I'm against the (modern) concept of changing the difficulty on the fly/in-game.
Wasn't suggesting that you could change it after starting a new game.
I get that you probably dislike the restrictive saving system, much to my dismay: saving anywhere an unlimited amount of times is very anti-game rules and C&C (it is pro choice, anti consequence)
Checkpoint saving works in a certain type of game, and many of my favorite games limit saving in some way. My dislike of it has nothing to do with the difficulty level, it's just that to me Deus Ex doesn't seem like a game that would really benefit from such restrictions.

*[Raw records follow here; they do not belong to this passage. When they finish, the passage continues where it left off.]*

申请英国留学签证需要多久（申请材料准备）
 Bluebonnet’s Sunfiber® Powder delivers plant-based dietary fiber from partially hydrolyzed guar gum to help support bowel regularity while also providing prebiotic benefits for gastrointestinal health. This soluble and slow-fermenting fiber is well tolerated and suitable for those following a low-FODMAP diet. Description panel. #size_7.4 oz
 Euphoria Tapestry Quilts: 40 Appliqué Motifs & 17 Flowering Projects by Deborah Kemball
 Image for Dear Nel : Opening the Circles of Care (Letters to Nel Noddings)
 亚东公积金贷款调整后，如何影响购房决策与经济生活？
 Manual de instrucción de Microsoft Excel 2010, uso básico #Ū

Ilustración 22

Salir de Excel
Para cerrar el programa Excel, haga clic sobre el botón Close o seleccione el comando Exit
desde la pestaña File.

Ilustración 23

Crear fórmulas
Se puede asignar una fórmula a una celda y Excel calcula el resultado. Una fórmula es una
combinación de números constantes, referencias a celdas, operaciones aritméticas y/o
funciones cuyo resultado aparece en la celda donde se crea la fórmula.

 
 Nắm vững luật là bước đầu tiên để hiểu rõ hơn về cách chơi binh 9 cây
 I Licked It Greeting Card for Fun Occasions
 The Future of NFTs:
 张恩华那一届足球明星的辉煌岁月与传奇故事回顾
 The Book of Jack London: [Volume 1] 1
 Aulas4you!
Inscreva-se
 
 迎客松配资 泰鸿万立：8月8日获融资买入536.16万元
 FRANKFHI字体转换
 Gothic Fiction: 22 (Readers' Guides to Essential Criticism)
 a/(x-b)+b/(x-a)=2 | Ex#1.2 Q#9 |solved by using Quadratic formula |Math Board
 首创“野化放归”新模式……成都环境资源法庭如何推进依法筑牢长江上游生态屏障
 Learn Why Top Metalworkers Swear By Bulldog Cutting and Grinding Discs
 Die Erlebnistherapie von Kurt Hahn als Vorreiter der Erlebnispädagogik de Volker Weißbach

I think checkpoint saving works if:
- the game offers a large enough amount of tactical and/or strategic options, so that a game over forces you to rethink your approach instead of simply doing the same thing over and over again until you get it right
- the saving system is logical and doesn't encourage into nonsensical metagame behavior, like making an otherwise pointless detour in search of a checkpoint, or constantly running back to a save point after making even a tiny bit of progress elsewhere in the game
- the game doesn't have "chores" with no challenge attached to them, like talking to people, looting corpses and containers (and possibly sorting out your inventory in the process), hacking into security systems, running from A to B and other stuff that you'd rather not do over and over again
- there are no notable bugs that might cause the player to fail through no fault of his own
- the game never crashes.
Deus Ex ticks some of those boxes, but it's still clearly a game that wasn't designed with such a system in mind. I might give the hardcore mode a go and it might even turn out to be lots of fun, but I think it's just a bit of a waste that you include some really interesting changes to your mod yet make them exclusive to a particular game mode that's obviously not that appealing to a lot of people, especially when it comes to AI improvements that are probably the most interesting and most needed aspect of the mod. To me the limited saving already makes the hardcore mode distinct enough to warrant its own difficulty level, and there's no need to attach even more unique stuff to it.
Well, you did ask what
I wanted...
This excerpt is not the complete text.